To keep you happy, acceleration was 0 or null at t=-1, t=-7.5, t= -0.000000000000000000001, but rises to 10 m/sec2 (or whatever that blurred figure is) at t=0.

5. Mar 12, 2015

### Suraj M

oh yeah, i don't how i missed that..
so $a=10-βt$ where $β= \frac{da}{dt}$
so $β=\frac{10}{11}$
so i get $$∫_{0}^{11}(10 - \frac{10}{11}t)dt =∫_{0}^{v}dv$$
so then i get $10(11-0)-(\frac{10}{11}).(11^2 -0) = v$
so $v = 110-110=0$ huh?

6. Mar 12, 2015

### Staff: Mentor

Try this integration again. Show intermediate steps.

7. Mar 12, 2015

### Suraj M

$$∫_{0}^{11}(10dt -\frac{10}{11}tdt)=∫_{0}^{v_f}dv$$
$$10(t_f -0) - \frac{10}{11}(\frac{t_f^2}{2}-0)=v_f-0$$
so then substituting $t_f=11$
Ok got it.. thanks, sorry for the stupid mistake

Last edited: Mar 12, 2015
8. Mar 12, 2015

### Staff: Mentor

What is the integral of tdt? (Hint: it's not t2)

Chet

9. Mar 12, 2015

### Staff: Mentor

What physical law that you are aware of says that the acceleration of a particle has to be continuous with time?

Chet

10. Mar 12, 2015

### Merlin3189

∫ k dt = kt , but ∫ kt dt ≠ kt2

Try differentiating kt2 and see what you get.

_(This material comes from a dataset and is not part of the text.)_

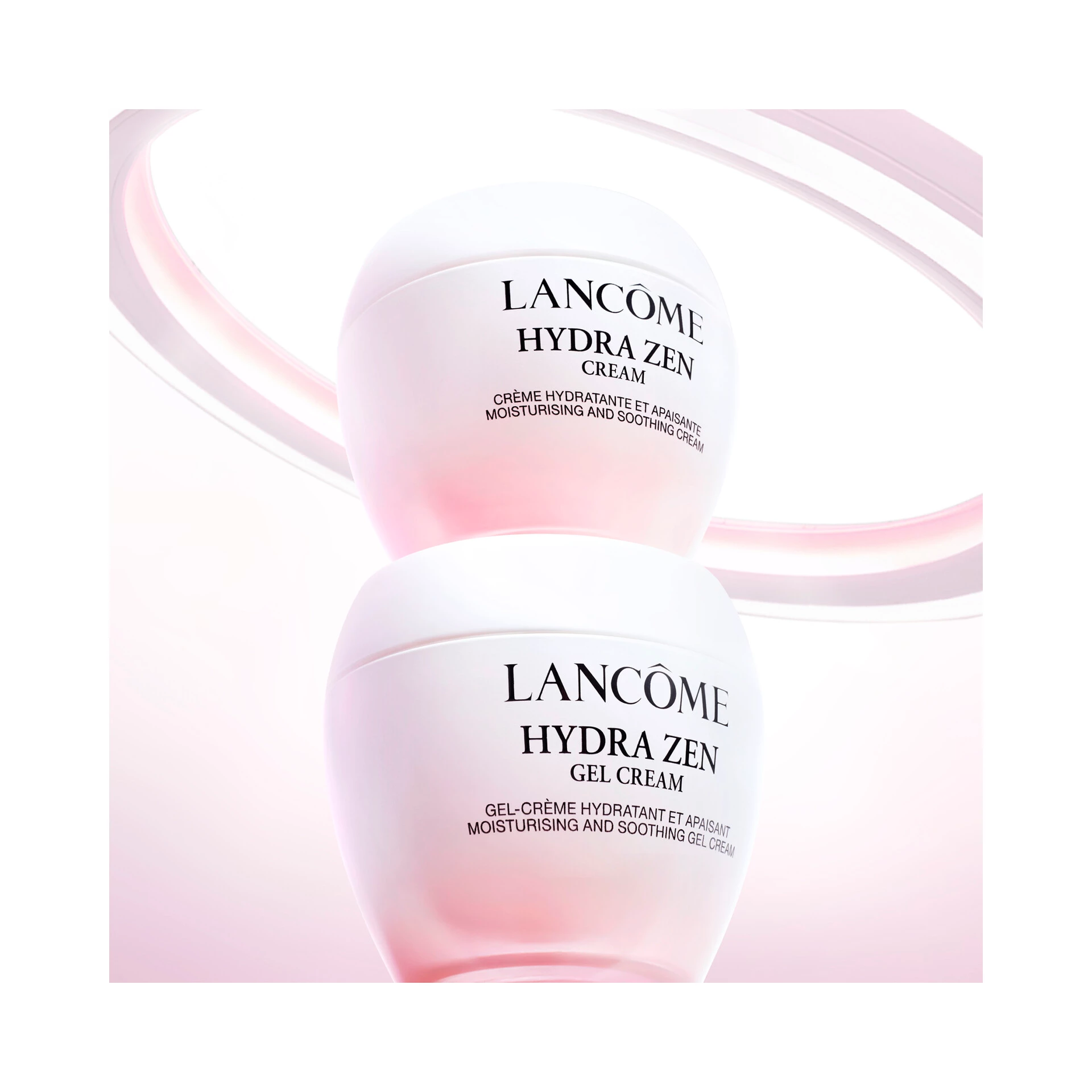 Advanced Hydra Zen gélkrém 50 ml - Lancôme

Edit - You posted the right answer while I was writing this!

11. Mar 12, 2015

### Suraj M

Thank you, i corrected it.. in post #7

12. Mar 12, 2015

### Pierce610

Mr. Chet ,
I wanted only say that the particle in question is defined to "start at rest" while in the graph, for how I think to interpretate it,seems to start with an initial acceleration not null. Isn't definition of rest "no acceleration"?

13. Mar 12, 2015

### Staff: Mentor

No. Definition of "at rest" is zero velocity.

Chet

14. Mar 12, 2015

### Pierce610

and then also the acceleration?

15. Mar 12, 2015

### Staff: Mentor

No. Acceleration is rate of change of velocity.

16. Mar 12, 2015

### Pierce610

but then let me know how is the acceleration of a particle at rest, that is with speed null?

17. Mar 12, 2015

### Staff: Mentor

Imagine that, at times t<0, the velocity is zero, and at times t>0, the velocity is kt, where k is a constant. So the velocity is a continuous function of time. What is the acceleration at times t < 0? What is the acceleration at times t > 0? Is the acceleration a continuous function of time at t = 0?

Chet

18. Mar 12, 2015

### Pierce610

I've understand: before a particle moves with constant speed v, it needs to be accelerated.
It can't move from 0 to v instantly. Also in free fall it should be an acceleration not null at the start time, 9.8 m/s^2

19. Mar 12, 2015

### Staff: Mentor

If a stationary particle were to have no acceleration, it would forever remain at rest.